Nouveau venu chez Grasset, après vingt-cinq années de vie publique comme éditeur chez Gallimard (où plusieurs de ses livres ont paru), Pascal Quignard déboule cet automne en librairie avec une sorte d’« ovni littéraire ». Le Dernier Royaume nous ramène à 54 ans un homme en quelque sorte plus libre, débarrassé des contraintes sociales, las des concessions à la lourdeur du roman. Car ni Ombres errantes (le premier volume) ni Sur le jadis ne sont des romans… Plutôt dans la veine de ses Petits traités, publiés en 8 volumes chez Maeght en 1990 (aujourd’hui disponibles chez Folio en 2 tomes), cette nouvelle œuvre est constituée de fragments, d’une multitude de morceaux qui sont tantôt souvenirs, rêves ou inventaires, images fortes, phrases relues et soulignées avec application. De la pensée en mouvement, un édifice en construction qui pourrait compter jusqu’à dix, quinze ou même vingt tomes. Il s’agit là, insiste Quignard, de sa dernière œuvre, au sens où tout ce qu’il compte écrire par la suite devrait s’intégrer à ce Dernier royaume — qui est celui d’où l’on ne sort plus, le lieu où l’on peut respirer en souplesse, rêver mieux.

Permanence du passé

Comment des hommes et des femmes ont-ils vécu, joui, pleuré d’ivresse ou de joie, comment ils sont morts ? Qu’est-ce que l’art, la civilisation, le temps ? Faire revivre ce passé, ce qu’il appelle le « jadis », en saisir toute la pénétrante actualité, c’est cela qui intéresse Quignard et qui traverse tout ce Dernier Royaume, quelque part entre les Essais de Montaigne et les Mille et Une Nuits. Ses sujets de prédilection ? La Rome antique, la musique et le silence, les philosophes chinois, le Japon éternel, la France de Louis XIII : tantôt sous forme de biographie ou de conte, voire de simple évocation poétique. Car pour l’auteur, « le langage est la seule résurrection pour ce qui a disparu. » Et les livres, pour ce mélancolique avoué, ne sont que des lectures qui ont été trop forcées.

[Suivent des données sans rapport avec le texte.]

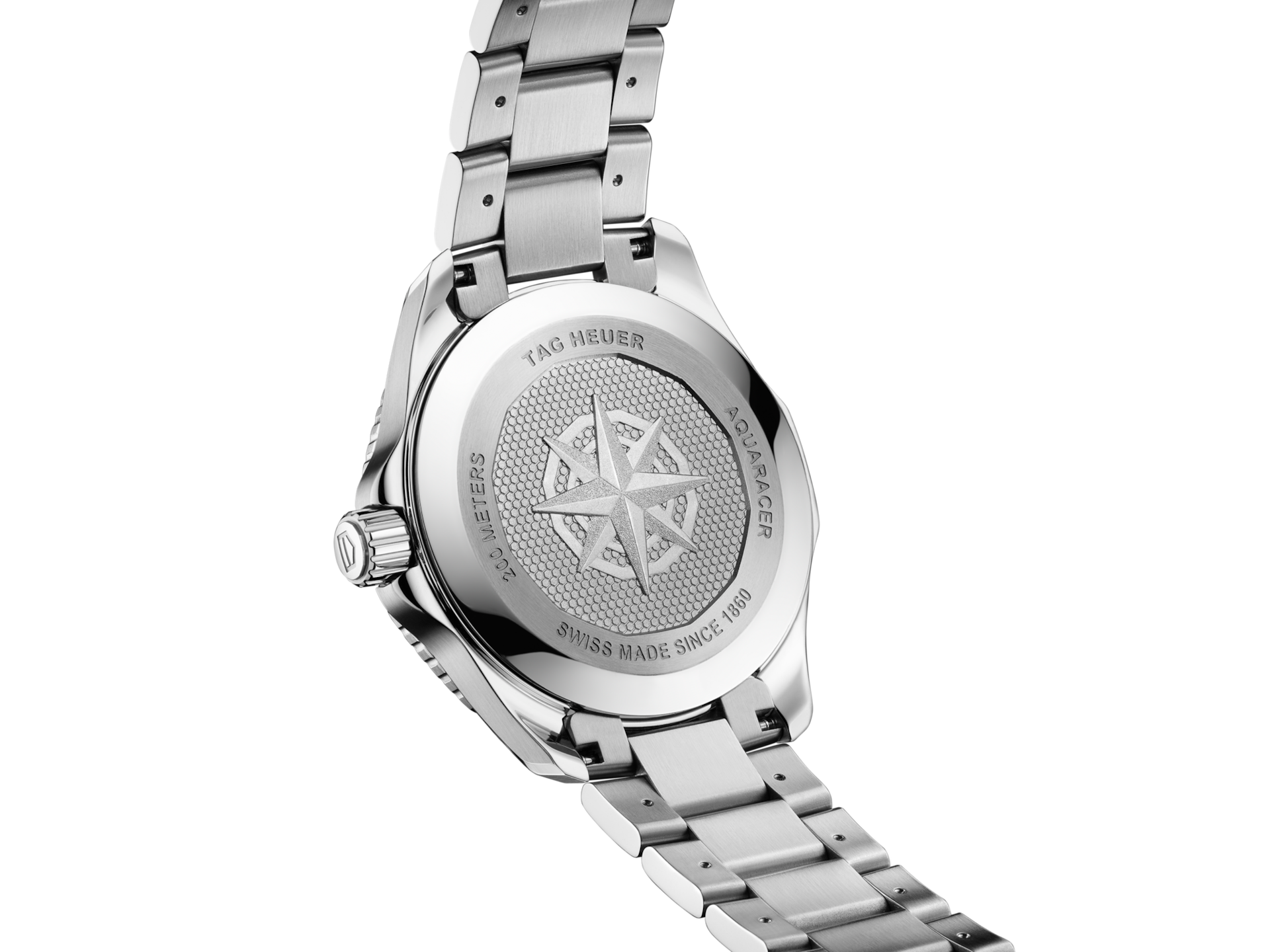 brand TAG HEUER AQUARACER PROFESSIONAL 200 luxury watch for sale – NeveReL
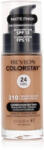 Revlon Colorstay 24hrs make-up SPF 15 (310 Warm Golden) 30 ml - vince - 71,99 RON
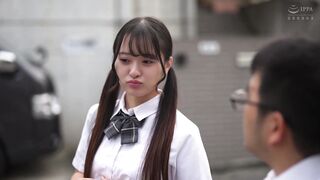 MKMP-721 [中文字幕] 两人同住的父亲把我当成睡觉的自慰工具 - 花守夏步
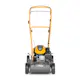 Gressklipper Stiga Multiclip 47 S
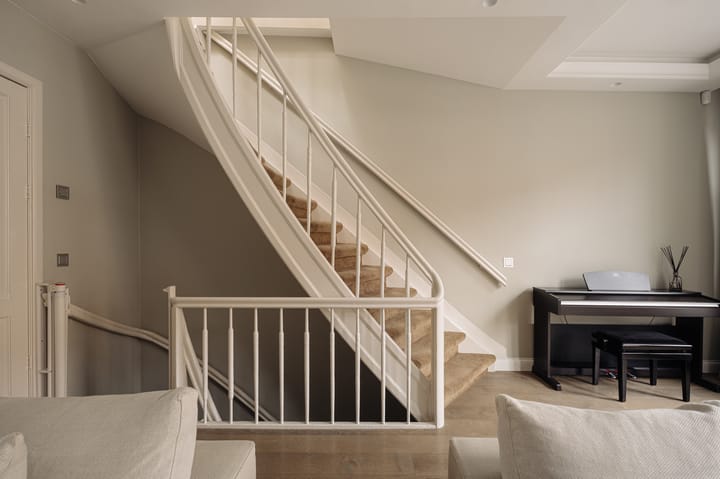 Appartement te koop: Herenmarkt 7B, Amsterdam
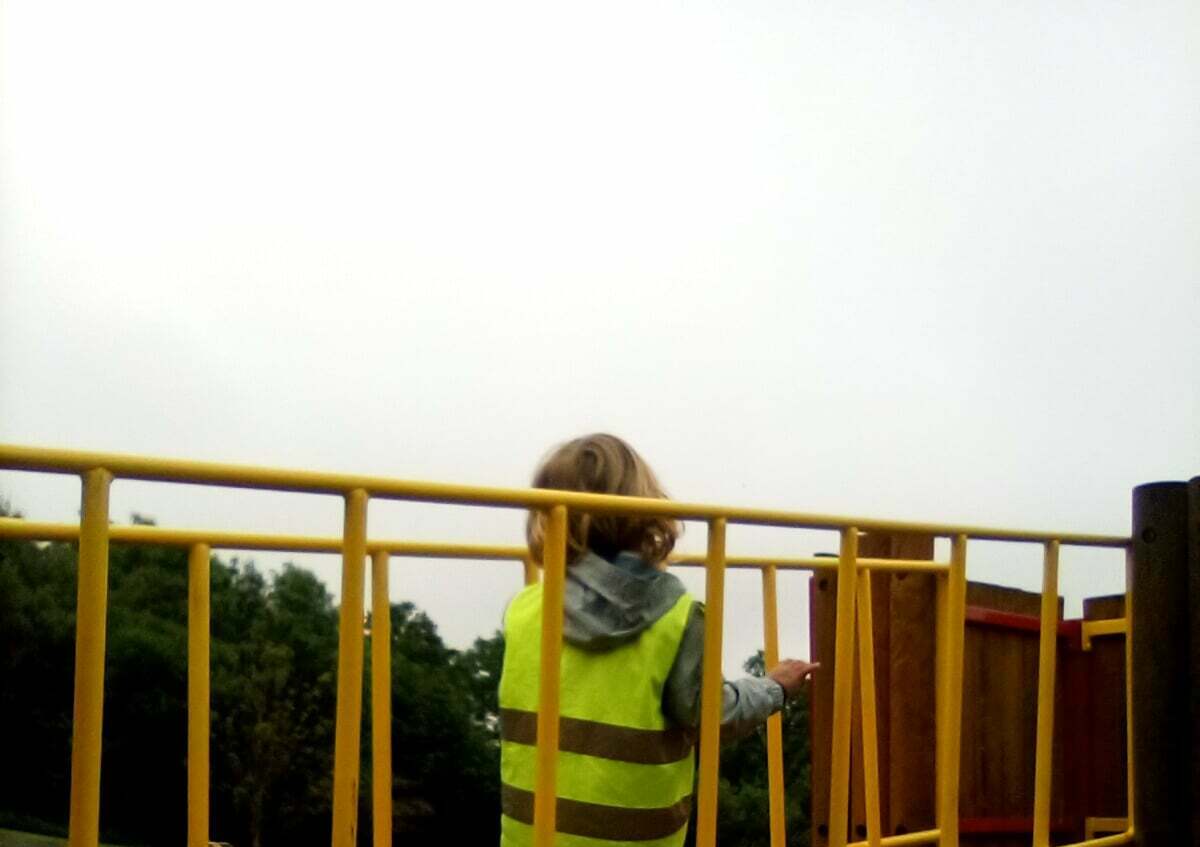 Little Cherubs Nature Nursey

Parmi les genres inclassables que pratique Quignard, on trouve ainsi des « listes », hommages non voilés à ses maîtres anciens que sont Tchouang-Tseu et Marc Aurèle : « Verres de vin à demi-pleins ; luths brun et rouge ; chandelles et cartes à jouer blanchâtres, pelures de citron qui pendent au bord des tables ; miroirs avec reflets ; miroirs sans reflet ». Tout est miniaturisation et télescopage du récit chez lui. Quignard aspire à la nudité, à se dépouiller des ornières du récit. Comme les poissons sont de l’eau à l’état solide, « les livres sont du silence à l’état solide. » C’est ce qui charme et qui déconcerte à la fois. Il y a quelque chose du rigorisme des Solitaires de Port-Royal (Pascal, Racine, Pierre Nicole) qui fait parfois de Quignard un héritier du jansénisme : leur « sécheresse », leur exigence, leur retrait du monde. Éloignement, certes, mais teinté d’une générosité extrême, dont l’abondance de pages n’est que la part la plus visible.

Un Goncourt étonnant, à vrai dire, une œuvre que l’on pourrait sans trop hésiter qualifier d’« exigeante », puisqu’elle demande beaucoup au lecteur qui consent à s’y frotter, et que les membres de ce jury littéraire nous ont rarement habitués à cet exercice. Il faut donc y consentir beaucoup de lenteur, ainsi qu’une part considérable d’abandon. Et accepter parfois de ne pas tout comprendre… Mais la récompense qu’offre cette lecture, au détour d’une phrase qui frappe juste ou qui fait sens pour nous, est trop souvent inestimable pour être boudée.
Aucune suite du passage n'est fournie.